I recently found a whole folder full of old work. It was quite a shock to discover my ‘A’level exam work amongst the pieces, and to experience the memories associated with that time. Usually ‘A’ level exam work is destroyed by the Examining Board, but because my sixth form art department was burned down, destroying all my work produced to that stage, the Board made an exception and found my exam pieces and returned them, thus allowing me to have at least something for a portfolio. This was in 1982 – 28 years ago!
The theme for the “composition” paper is the one that particularly touches on deep memories; rather tragic ones in fact. The painting is of a derelict cottage in the woods. It’s real place with which I have a particular association, and it’s a great story. One day I intend to use it all in a book.
The cottage is in fact a “tea house” in a large rambling Romantic garden in Norfolk. Originally a Roman dock on the edge of the Broads, this unusually vertiginous piece of land (unusual for Norfolk) is called Brundall Gardens. In their heyday, as a public garden, the vast acres must have rivalled any of the great parks and were popular enough to warrant their own bespoke station on the Lowestoft to Norwich line.
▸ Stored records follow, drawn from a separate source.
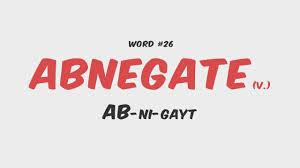 abnegate是什么意思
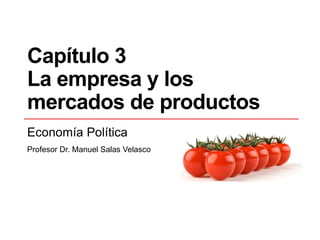 Capítulo 3
La empresa y los
mercados de productos
Economía Política
Profesor Dr. Manuel Salas Velasco
 
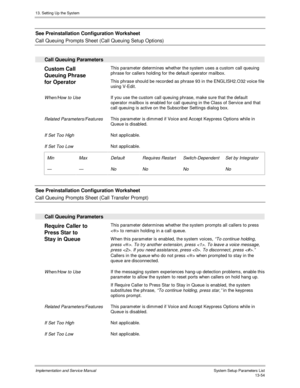Page 22213. Setting Up the System
Implementation and Service Manual  System Setup Parameters List13-54
  See Preinstallation Configuration Worksheet
 
Call Queuing Prompts Sheet (Call Queuing Setup Options)
 
 
Call Queuing Parameters
 
Custom Call
Queuing Phrase
for Operator  This parameter determines whether the system uses a custom call queuing
phrase for callers holding for the default operator mailbox.
 This phrase should be recorded as phrase 93 in the ENGLISH2.O32 voice file
using V-Edit.
 
 When/How to...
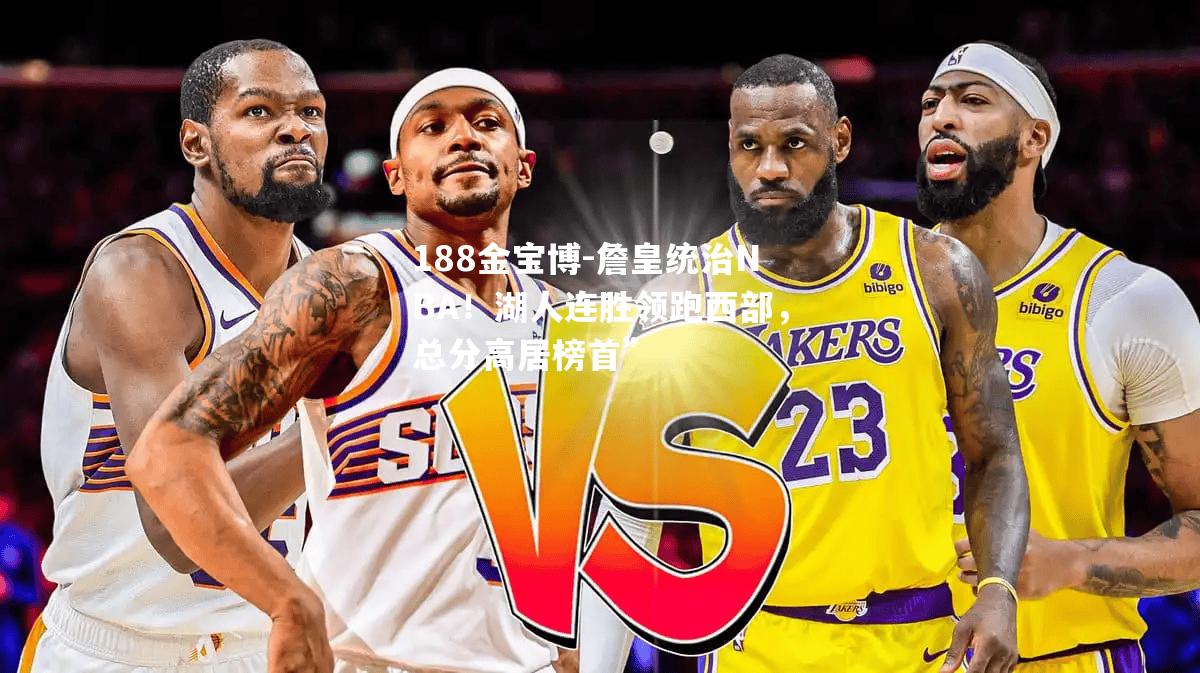 詹皇统治NBA！湖人连胜领跑西部，总分高居榜首”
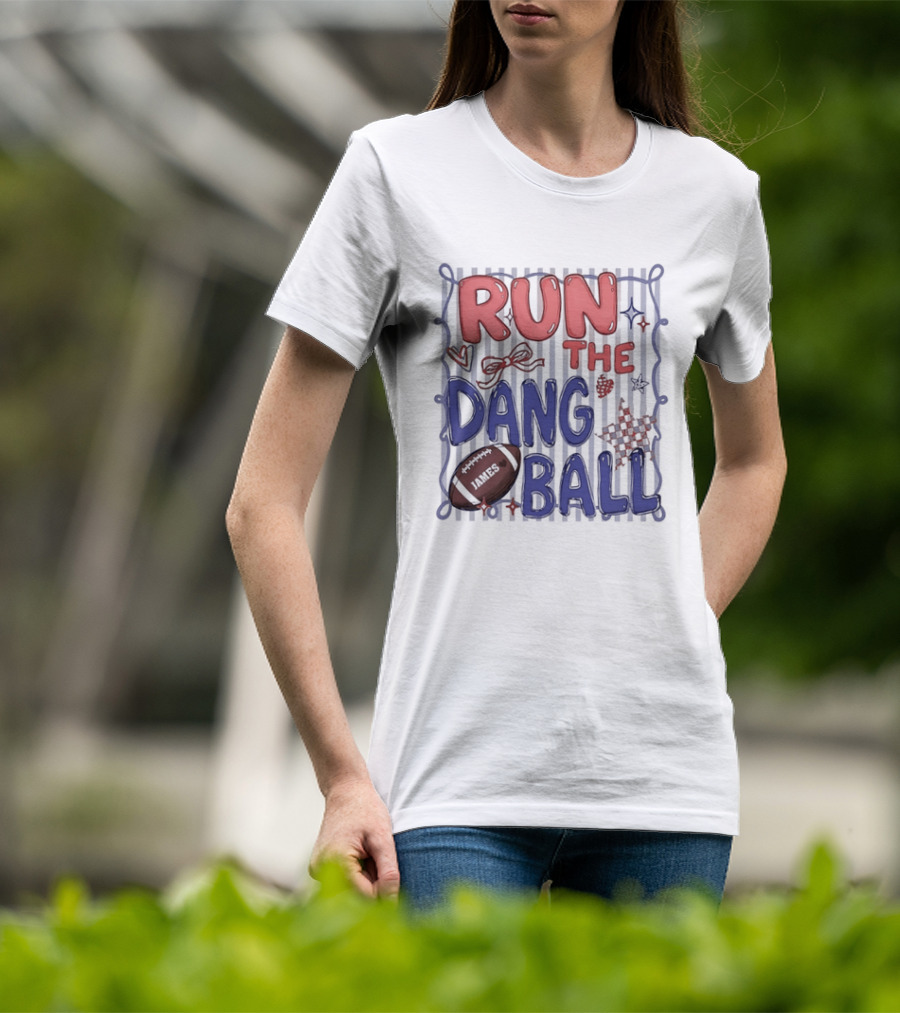 Run The Dang Ball Football Sports Graphic Locker Room T-Shirt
In time the gardens became privately owned, which is where my association begins, as they were owned by my very own Great Aunt Rita, who “married well” (as people would say) to a millionaire called Max Stringer, and moved to the huge and beautiful estate and it’s house “Redclyffe”. In the mid 1960s I would be taken to these grand, elaborate gardens and lose myself amongst the camellias and rhododendrons, the tumbling “Cinderella”steps and tiers of shrubs that possibly rivalled Babylon.
Leading down to a vast expansive lake, were three stepped ponds. The lowest contained a large and legendary pike that could never be caught. And in the tea house there were real Delft tiles of sailing boats around the fireplace.
Nearby, my favourite thing of all: The “stone hart”. I can just remember sitting on this with my sister and imagining galloping away on adventures. I found some old photographs of me with my sister and father, and they are posted here.
But then my Uncle Max died unexpectedly. My widowed Great Aunt found herself with an unmanageable estate (she had no children), and decided to sell. She kept a plot for her and her sister, another for her brother and his wife (my grandparents). The rest was sold off to a builder.
Theories abounded about what happened next, but I remember watching the television news in 1969, and seeing my Great Aunt’s house in flames. Redclyffe was razed to the ground. Soon after vandals destroyed the tea house, smashed the stone hart, and the garden fell into neglect.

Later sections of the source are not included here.